Adidas limited losses in the Stoxx 600, climbing 5.3 percent to 63 euros, the highest since its 1995 initial public offering. The company forecast a 12 percent to 17 percent increase in full-year profit, higher than a previous prediction of 10 percent to 15 percent growth.

The world’s second-largest sporting-goods maker also reported a 38 percent jump in net income to 289 million euros ($383 million) in the first three months of the year fueled by golf sales and growth in China. That beat the 230.6 million-euro average analyst estimate in a Bloomberg survey.

Actelion, Telenor

Actelion Ltd. soared 14 percent to 38.40 Swiss francs as its experimental lung drug macitentan met the main goal of a late-stage clinical trial, providing the company with a possible successor to a treatment that accounts for 89 percent of sales.

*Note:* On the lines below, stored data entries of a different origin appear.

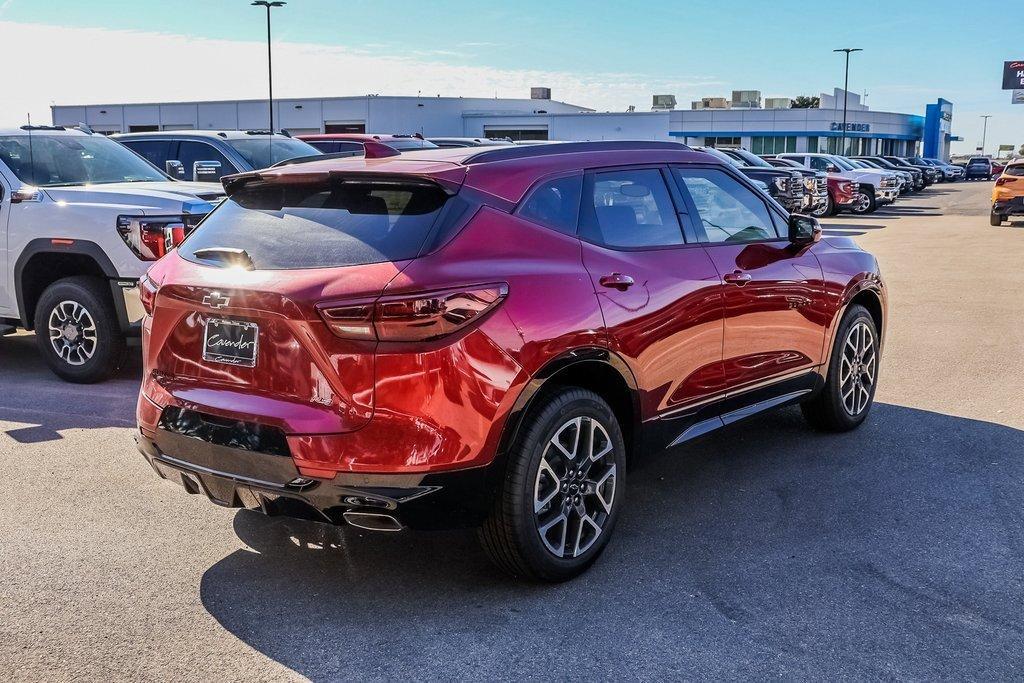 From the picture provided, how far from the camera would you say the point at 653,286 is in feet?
15.1

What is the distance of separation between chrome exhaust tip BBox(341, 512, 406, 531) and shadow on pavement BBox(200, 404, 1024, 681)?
0.39m

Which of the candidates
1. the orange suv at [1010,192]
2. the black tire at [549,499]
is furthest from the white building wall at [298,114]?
the black tire at [549,499]

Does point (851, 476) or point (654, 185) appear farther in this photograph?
point (851, 476)

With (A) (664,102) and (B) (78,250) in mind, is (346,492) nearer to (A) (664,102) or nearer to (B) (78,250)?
(B) (78,250)

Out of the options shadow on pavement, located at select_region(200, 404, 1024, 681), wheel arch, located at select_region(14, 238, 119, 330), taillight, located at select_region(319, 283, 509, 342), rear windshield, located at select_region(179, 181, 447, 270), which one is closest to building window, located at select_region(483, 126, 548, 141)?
wheel arch, located at select_region(14, 238, 119, 330)

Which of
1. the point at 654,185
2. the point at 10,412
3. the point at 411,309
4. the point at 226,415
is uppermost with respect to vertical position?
the point at 654,185

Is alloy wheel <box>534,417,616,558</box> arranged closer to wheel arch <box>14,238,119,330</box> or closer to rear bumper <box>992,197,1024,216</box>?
wheel arch <box>14,238,119,330</box>

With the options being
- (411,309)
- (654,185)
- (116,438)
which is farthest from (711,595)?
(116,438)

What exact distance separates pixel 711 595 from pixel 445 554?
1.18 meters

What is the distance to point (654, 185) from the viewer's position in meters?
5.02

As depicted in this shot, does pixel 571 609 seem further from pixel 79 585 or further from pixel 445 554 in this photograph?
pixel 79 585

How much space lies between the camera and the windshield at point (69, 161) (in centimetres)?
845

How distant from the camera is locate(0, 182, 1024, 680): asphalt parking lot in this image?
142 inches

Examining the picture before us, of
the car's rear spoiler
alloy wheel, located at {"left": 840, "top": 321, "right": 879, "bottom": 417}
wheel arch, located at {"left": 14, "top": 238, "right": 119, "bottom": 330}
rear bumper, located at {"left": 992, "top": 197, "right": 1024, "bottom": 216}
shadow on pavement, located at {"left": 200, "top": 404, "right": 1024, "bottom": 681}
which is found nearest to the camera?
shadow on pavement, located at {"left": 200, "top": 404, "right": 1024, "bottom": 681} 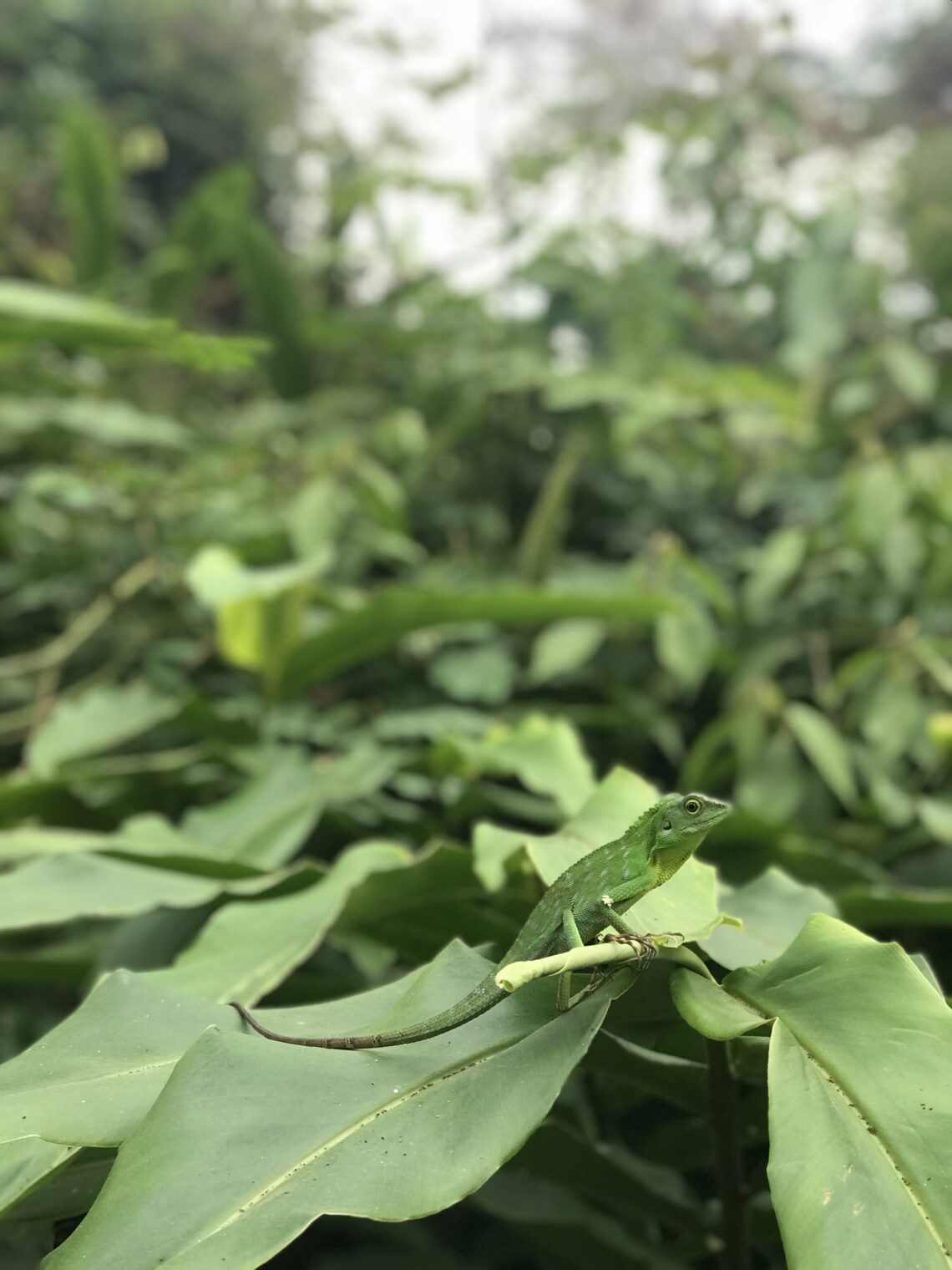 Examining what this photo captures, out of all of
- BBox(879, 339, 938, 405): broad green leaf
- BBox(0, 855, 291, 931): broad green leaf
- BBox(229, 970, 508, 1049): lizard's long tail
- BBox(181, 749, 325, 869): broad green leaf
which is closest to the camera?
BBox(229, 970, 508, 1049): lizard's long tail

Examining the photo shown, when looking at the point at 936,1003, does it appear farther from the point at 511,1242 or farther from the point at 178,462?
the point at 178,462

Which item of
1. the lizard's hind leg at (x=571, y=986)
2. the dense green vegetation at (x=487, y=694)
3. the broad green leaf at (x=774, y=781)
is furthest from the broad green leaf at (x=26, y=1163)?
the broad green leaf at (x=774, y=781)

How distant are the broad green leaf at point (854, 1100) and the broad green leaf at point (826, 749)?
0.87m

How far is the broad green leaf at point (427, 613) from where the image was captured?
1.33 metres

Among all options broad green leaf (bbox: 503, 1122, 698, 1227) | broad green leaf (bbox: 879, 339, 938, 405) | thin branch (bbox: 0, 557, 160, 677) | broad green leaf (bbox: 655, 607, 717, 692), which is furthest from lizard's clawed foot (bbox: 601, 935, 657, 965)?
broad green leaf (bbox: 879, 339, 938, 405)

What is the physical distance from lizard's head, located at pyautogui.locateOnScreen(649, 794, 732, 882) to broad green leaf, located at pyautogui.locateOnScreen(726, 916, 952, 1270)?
0.31 ft

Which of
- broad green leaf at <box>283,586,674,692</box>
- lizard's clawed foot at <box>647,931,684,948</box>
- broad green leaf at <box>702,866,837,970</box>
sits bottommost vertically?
broad green leaf at <box>283,586,674,692</box>

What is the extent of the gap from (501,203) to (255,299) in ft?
2.21

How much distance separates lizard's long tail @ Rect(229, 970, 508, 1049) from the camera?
503mm

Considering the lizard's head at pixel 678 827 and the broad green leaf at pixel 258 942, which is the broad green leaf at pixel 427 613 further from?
the lizard's head at pixel 678 827

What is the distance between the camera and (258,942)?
2.39 feet

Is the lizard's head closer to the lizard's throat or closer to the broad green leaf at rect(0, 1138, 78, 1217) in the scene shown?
the lizard's throat

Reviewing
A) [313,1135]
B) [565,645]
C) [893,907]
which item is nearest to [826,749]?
[565,645]

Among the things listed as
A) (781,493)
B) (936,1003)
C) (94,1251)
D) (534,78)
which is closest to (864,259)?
(781,493) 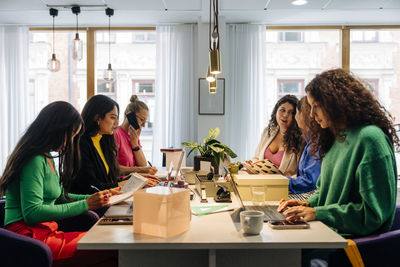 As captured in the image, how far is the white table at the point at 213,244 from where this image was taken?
48.0 inches

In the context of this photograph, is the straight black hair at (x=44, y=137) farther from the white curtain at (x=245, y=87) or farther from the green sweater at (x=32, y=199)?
the white curtain at (x=245, y=87)

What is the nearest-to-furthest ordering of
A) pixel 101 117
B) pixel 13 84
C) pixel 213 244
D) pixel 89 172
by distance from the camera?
1. pixel 213 244
2. pixel 89 172
3. pixel 101 117
4. pixel 13 84

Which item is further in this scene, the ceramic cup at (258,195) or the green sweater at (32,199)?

Telenor ASA rallied 5.2 percent to 105.20 kroner as the company said it may have to exit India, the world’s second-largest mobile market, after the country’s telecommunications regulator proposed an 11-fold increase in license fees.

Aberdeen Asset Management Plc climbed 3.5 percent to 283.5 pence after the company reported a 14 percent increase in adjusted earnings before amortization for the six months ended March 31 to 162.2 million pounds. That topped the average analyst estimate of 151.7 million pounds in a Bloomberg survey.